Please write out all of the entries beneath this line exactly, skipping the pictures.

Records excerpted from a collection »
·····

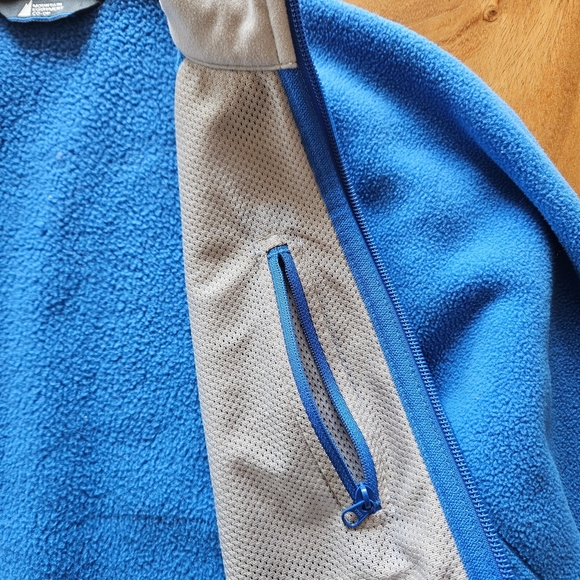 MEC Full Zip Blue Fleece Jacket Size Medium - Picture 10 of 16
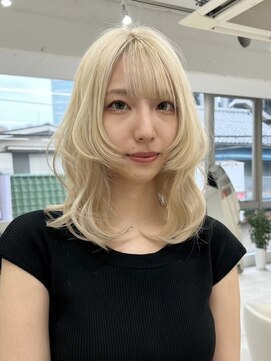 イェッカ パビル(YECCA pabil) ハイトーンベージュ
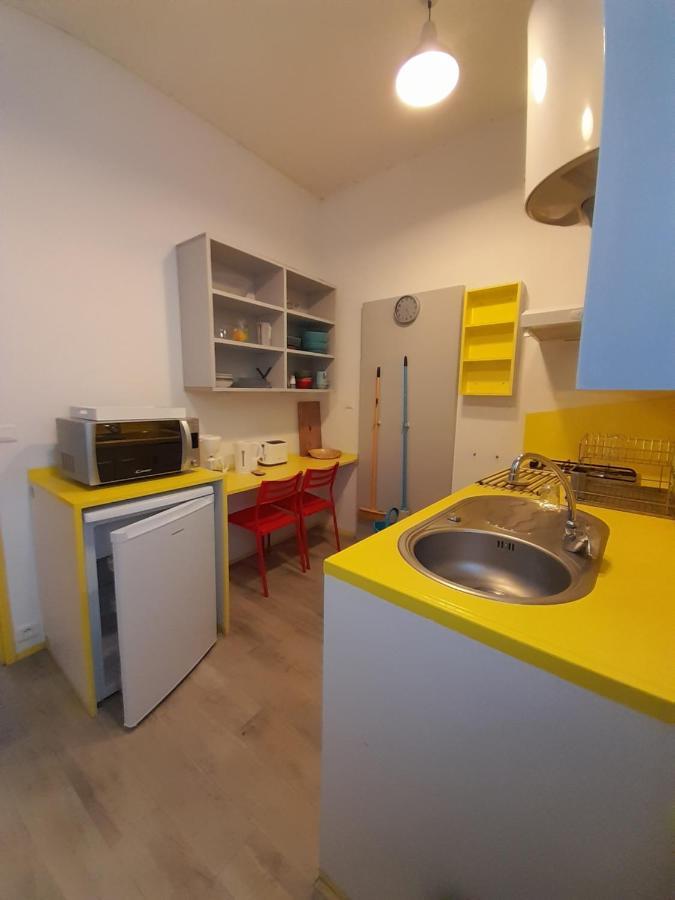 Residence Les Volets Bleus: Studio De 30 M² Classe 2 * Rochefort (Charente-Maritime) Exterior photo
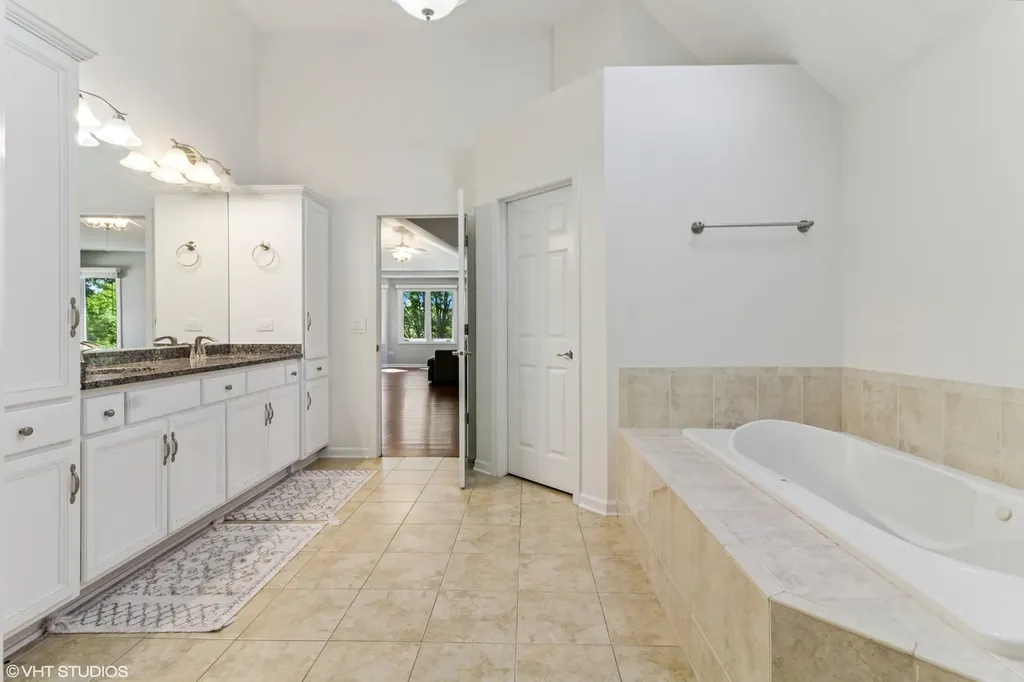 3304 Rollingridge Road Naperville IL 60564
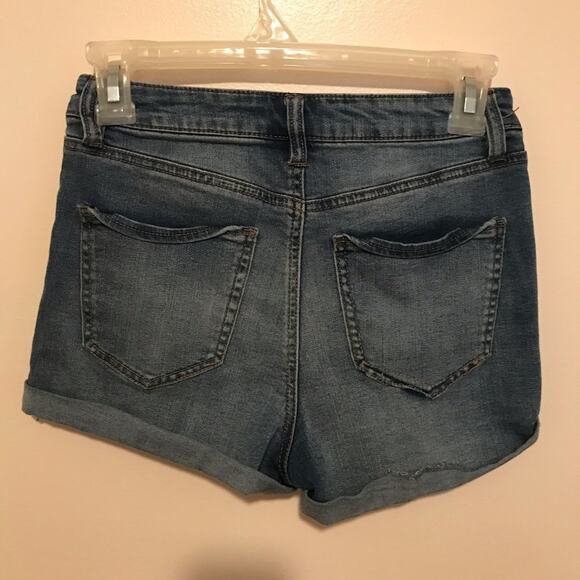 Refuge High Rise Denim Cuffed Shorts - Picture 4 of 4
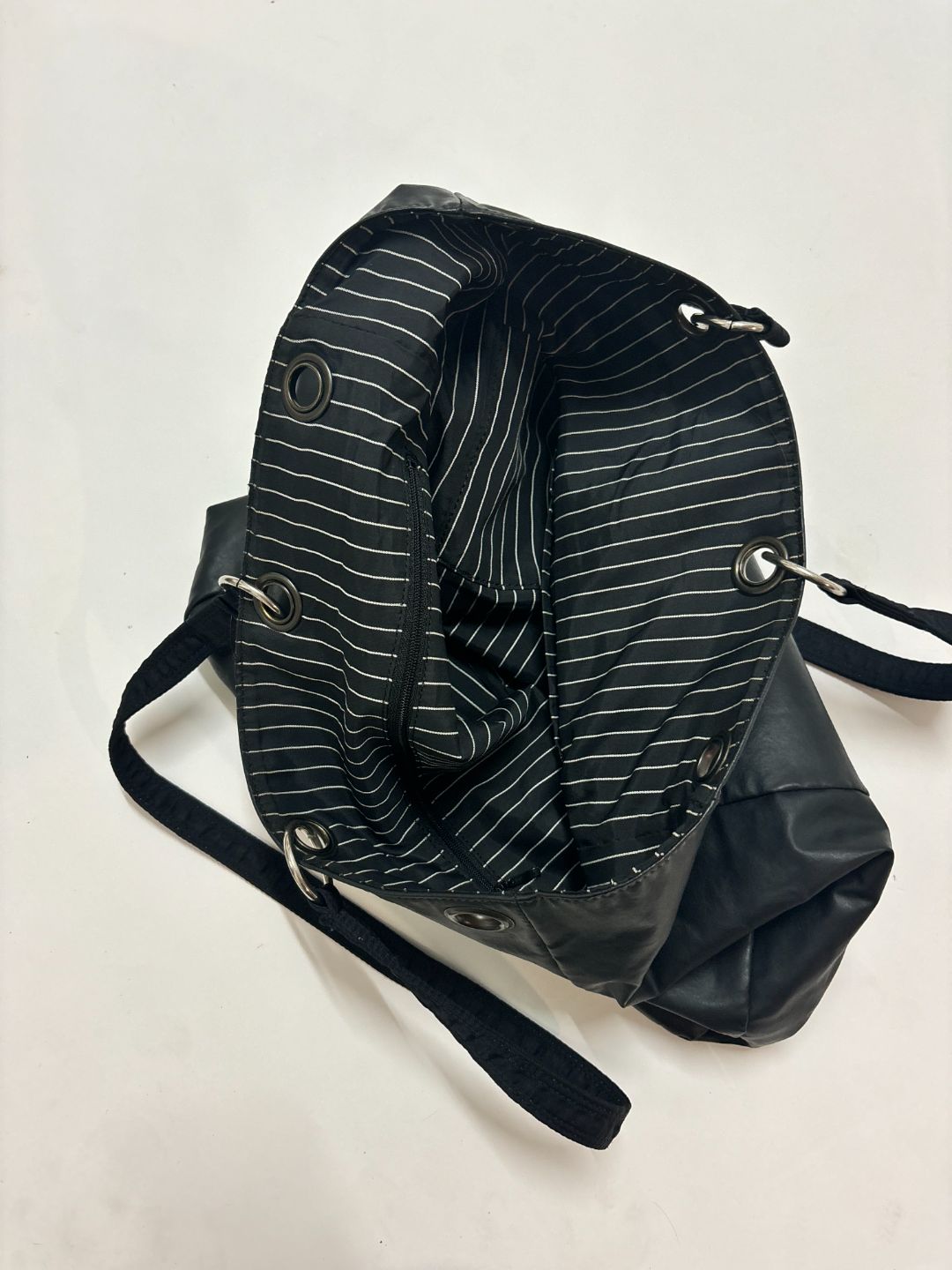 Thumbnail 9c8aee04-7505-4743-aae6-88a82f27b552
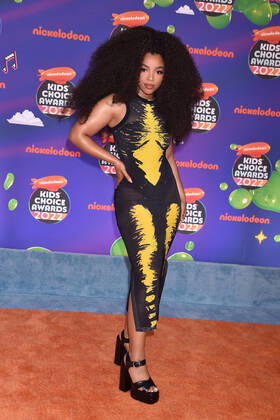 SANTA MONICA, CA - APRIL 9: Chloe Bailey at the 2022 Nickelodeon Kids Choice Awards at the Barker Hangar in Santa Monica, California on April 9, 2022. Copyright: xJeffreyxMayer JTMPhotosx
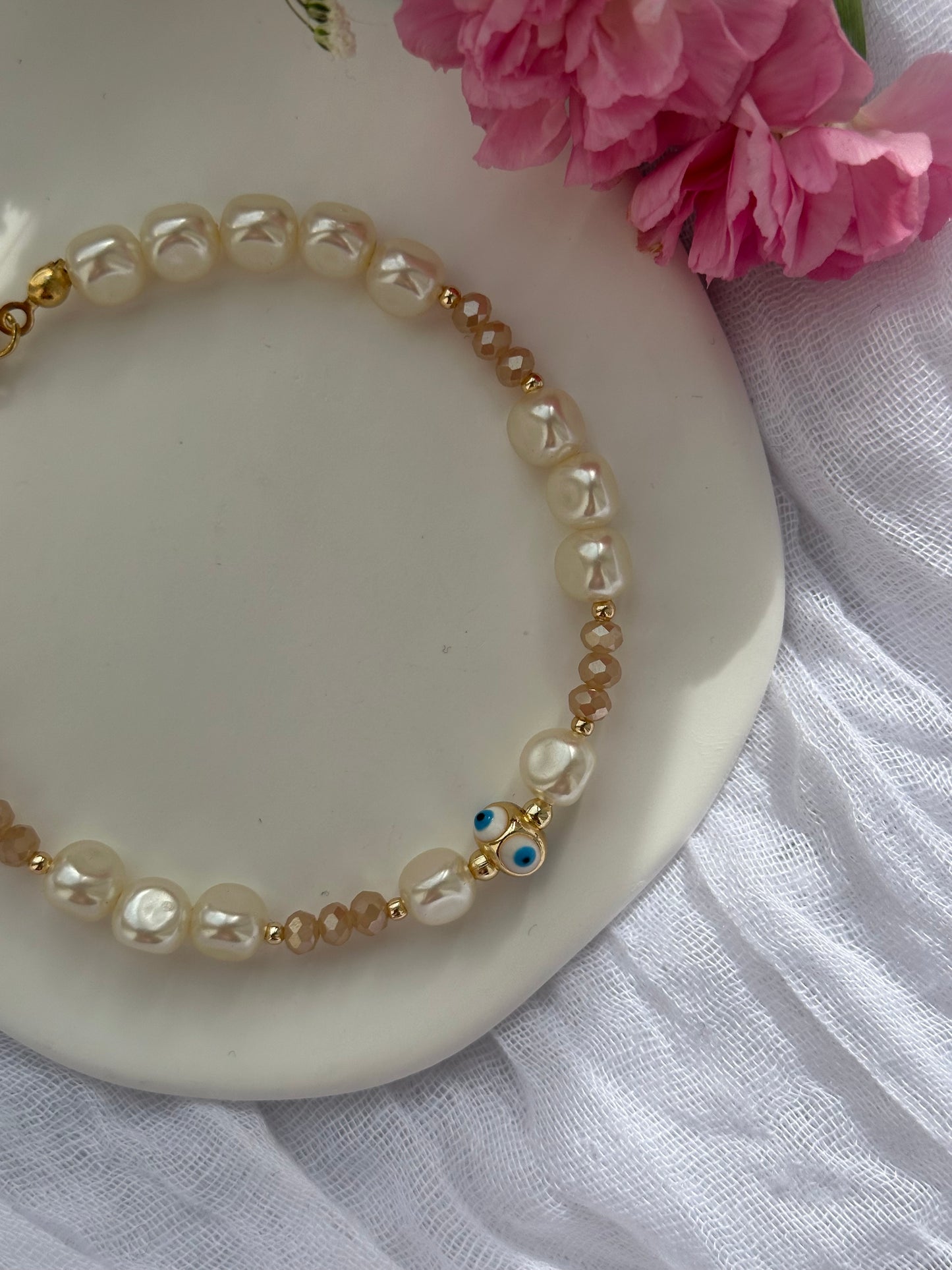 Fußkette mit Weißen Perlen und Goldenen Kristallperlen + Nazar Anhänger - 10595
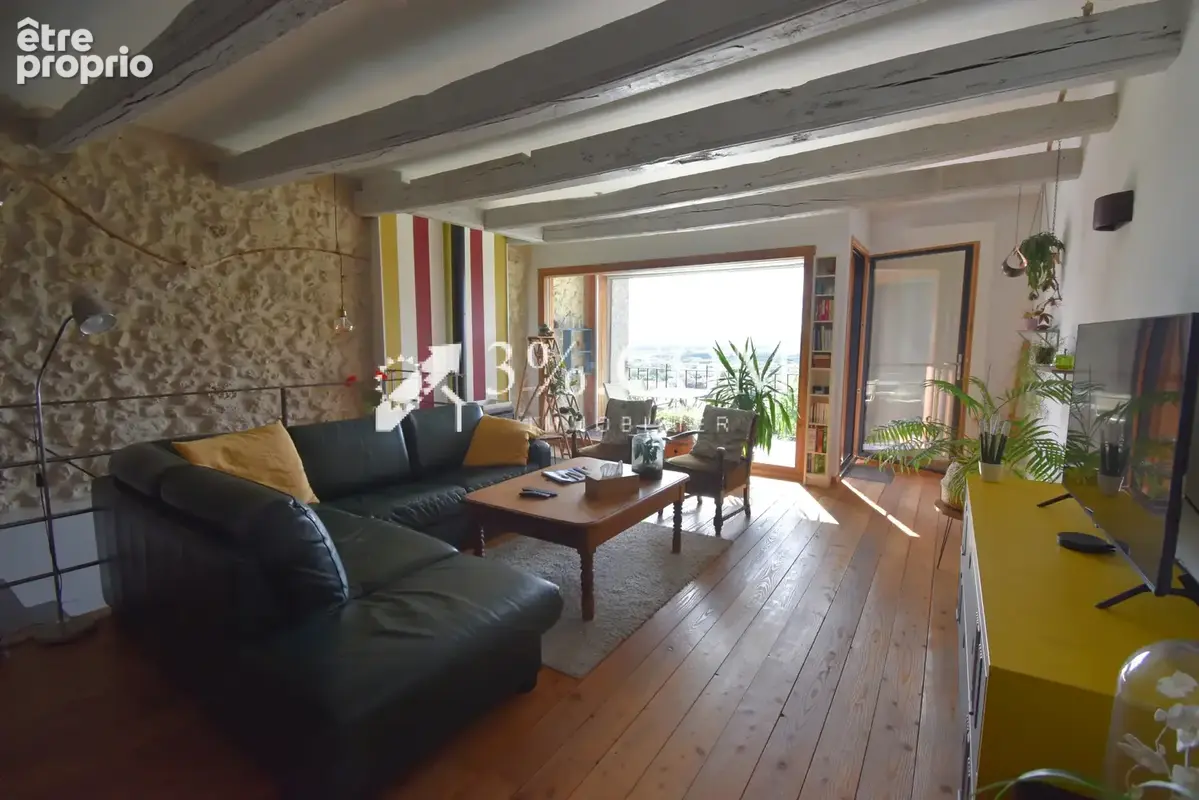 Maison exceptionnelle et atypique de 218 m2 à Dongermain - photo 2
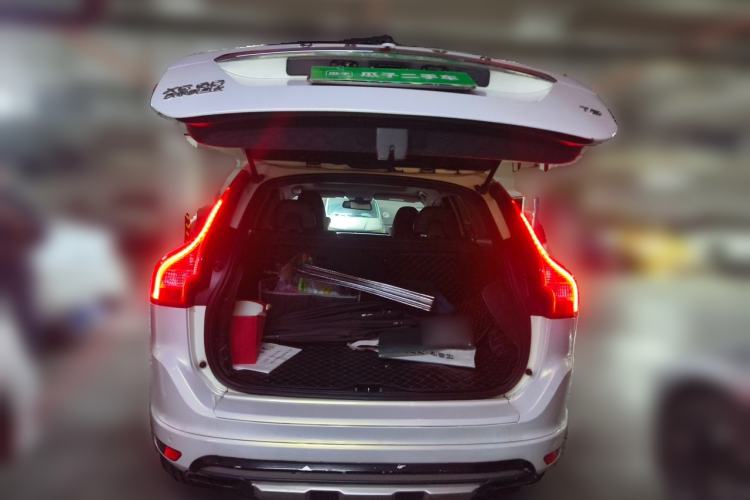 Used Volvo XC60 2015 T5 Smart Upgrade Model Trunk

·····

ANSWER TO THIS TASK »
 MEC Full Zip Blue Fleece Jacket Size Medium - Picture 10 of 16
 イェッカ パビル(YECCA pabil) ハイトーンベージュ
 Residence Les Volets Bleus: Studio De 30 M² Classe 2 * Rochefort (Charente-Maritime) Exterior photo
 3304 Rollingridge Road Naperville IL 60564
 Refuge High Rise Denim Cuffed Shorts - Picture 4 of 4
 Thumbnail 9c8aee04-7505-4743-aae6-88a82f27b552
 SANTA MONICA, CA - APRIL 9: Chloe Bailey at the 2022 Nickelodeon Kids Choice Awards at the Barker Hangar in Santa Monica, California on April 9, 2022. Copyright: xJeffreyxMayer JTMPhotosx
 Fußkette mit Weißen Perlen und Goldenen Kristallperlen + Nazar Anhänger - 10595
 Maison exceptionnelle et atypique de 218 m2 à Dongermain - photo 2
 Used Volvo XC60 2015 T5 Smart Upgrade Model Trunk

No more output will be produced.